Lalainya pengawasan Dinas Pendidikan dan Kebudayaan (Disdikbud) Kabupaten Mukomuko terhadap rekanan pekerjaan fisik sekolah yang dibiayai oleh DAK mengakibatkan rekanan tidak mematuhi tentang manajemen Keselamatan Konstruksi .
Perlu digaris bawahi, bahwa ketentuan tentang kesehatan kerja ini, telah ditetapkan sesuai peraturan pemerintah. Jika terjadi pelanggaran dan tidak dipenuhi oleh perusahaan,akan mendapatkan ancaman hukuman pidana/kurungan selama satu tahun atau denda sebanyak banyak Rp 15.000.000 (lima belas juta rupiah).
Pentingnya K3 bagi para tenaga konstruksi menjadi prioritas yang wajib dipikirkan dalam suatu proyek konstruksi. Sebab, hal itu diamanatkan dalam Undang-Undang Jasa Konstruksi (UUJK) Nomor 2 Tahun 2017 Pasal 70.
Regulasi tersebut juga menyebutkan pentingnya mewujudkan proyek konstruksi yang memegang nilai-nilai keamanan, keselamatan, kesehatan, dan keberlanjutan. Seluruh kontraktor yang mengerjakan proyek fisik yang ada dikabupaten mukomuko yang mengabaikan K3 dapat dikenakan sanksi.

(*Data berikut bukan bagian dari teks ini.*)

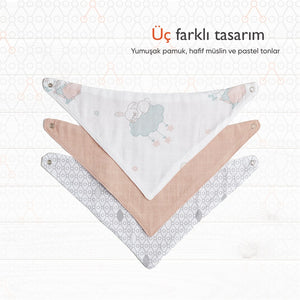 Gezenbebe Hero 3'lü Bebek-Çocuk Fular Önlük Seti Bunny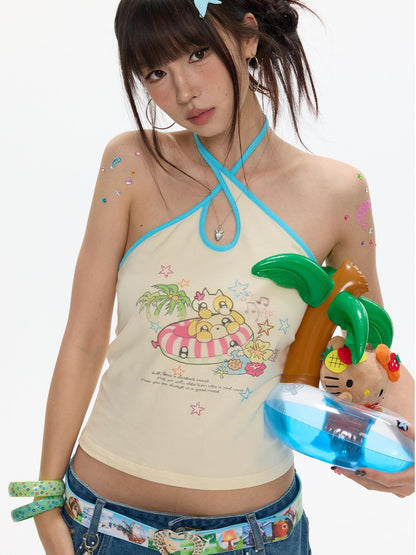 BETWEENAND Polka Dot Cross Tie Waterdrop Neck Chinese Style Women&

Penegasan ini dilontarkan karena banyaknya laporan masyarakat kepada awak Media. Masih banyak kontraktor yang tidak memenuhi standar atau mengabaikan standard operating proscedure (SOP).
Saat wartawan Penarafflesia menghubung via telpon Pejabat Pembuat Komitmen (PPK) tidak diangkat, lalu awak media mendatangi Dinas Pendidikan dan Kebudayaan Kabupaten Mukomuko Pukul 14.00 Wib bertemu Pejabat Pengelola Teknis Kegiatan (PPTK) Widodo. Ia mengatakan untuk saat ini PPK belum bisa ditemui karena sakit.
Disinggung mengenai masalah pekerjaan fisik SD yang dibiayai DAK, Widodo tidak banyak komentar dan enggan untuk menjawab.
"Karena masalah dilapangan kita sudah serahkan kepada Konsultan Pengawas," ungkap Widodo, Jumat (10/9). (Dnex)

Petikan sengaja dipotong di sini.